◆ **Entries supplied**:
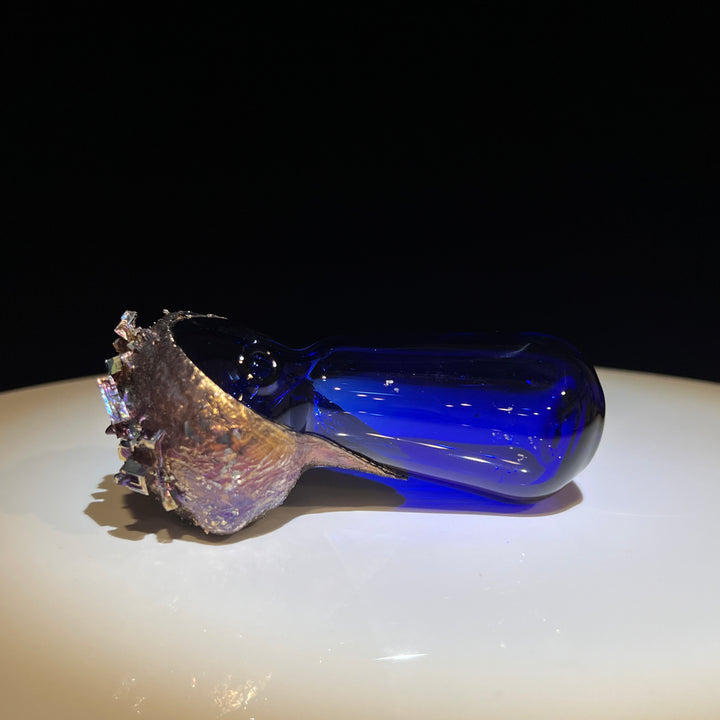 Bismuth Glass Pipe Glass Pipe TG   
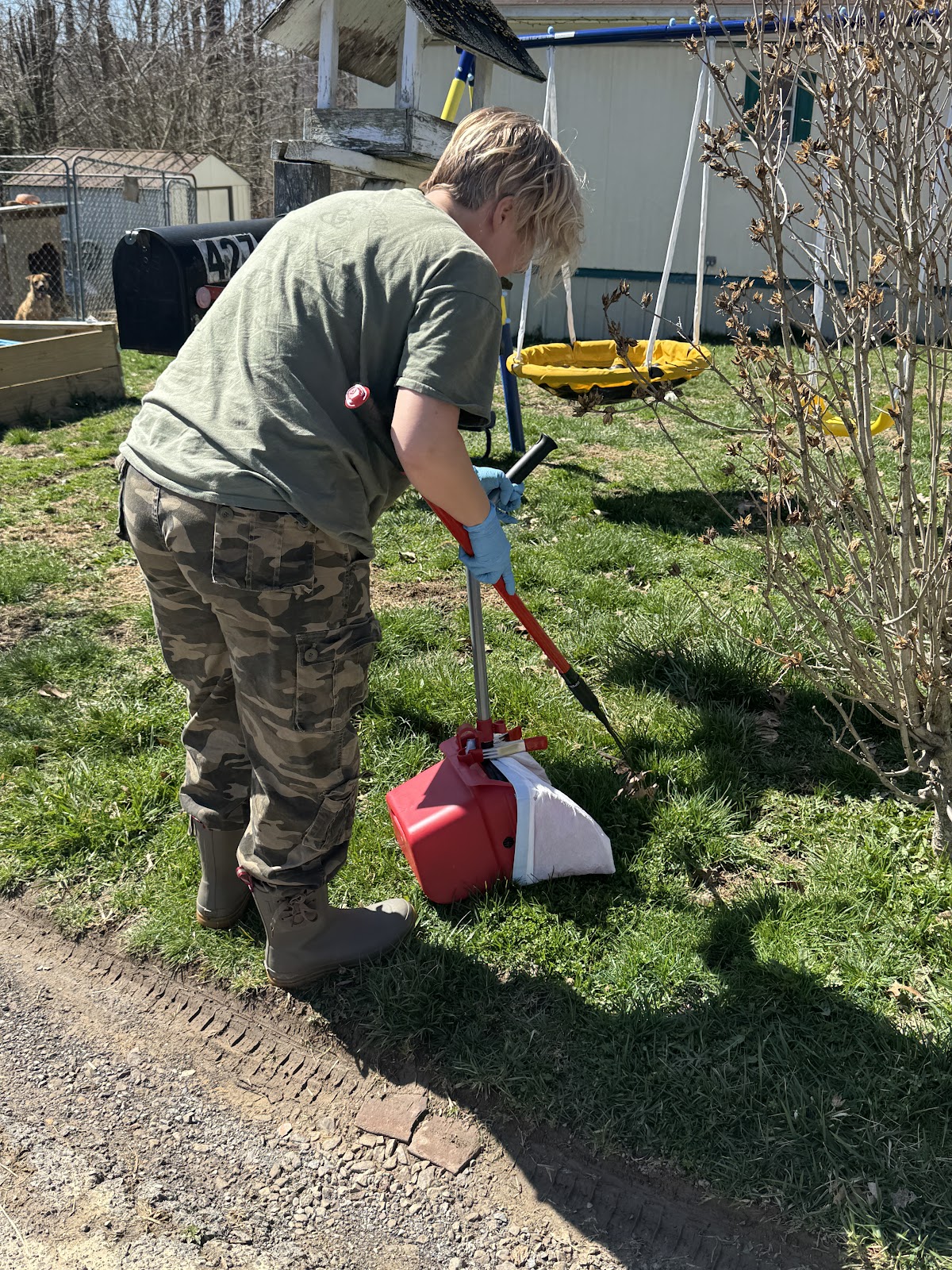 Doody Recon - Photo 3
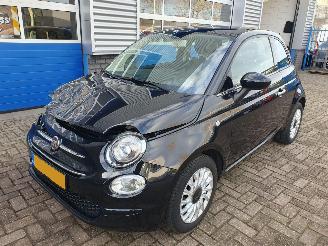  Fiat 500 1.2 Star 2019/12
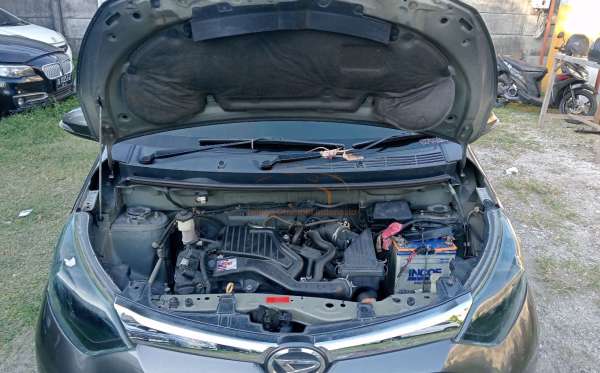 DAIHATSU SIGRA R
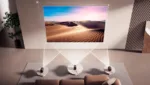 Xiaomi Smart Projector L1 EU   Full HD (1920×1080)   200 ANSI lumens   Black   Wi-Fi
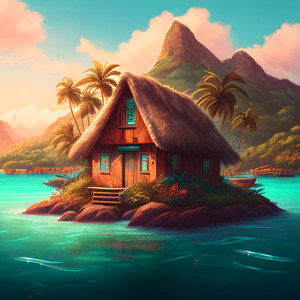 Listen to Bora Bora song with lyrics from Streamables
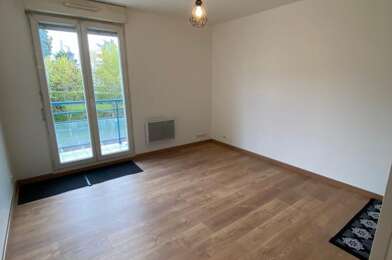 Appartement 1 pièces 360 €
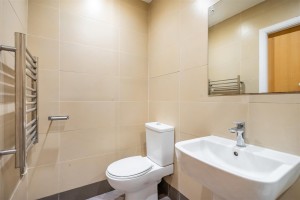 Images for Crossley Court, Clarence Street, York, YO31 7DE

◆ **What is expected**:
Restate every line of the data above word for word, with the images removed.

◆ **Solution to this exercise**:
 Bismuth Glass Pipe Glass Pipe TG   
 Doody Recon - Photo 3
  Fiat 500 1.2 Star 2019/12
 DAIHATSU SIGRA R
 Xiaomi Smart Projector L1 EU   Full HD (1920×1080)   200 ANSI lumens   Black   Wi-Fi
 Listen to Bora Bora song with lyrics from Streamables
 Appartement 1 pièces 360 €
 Images for Crossley Court, Clarence Street, York, YO31 7DE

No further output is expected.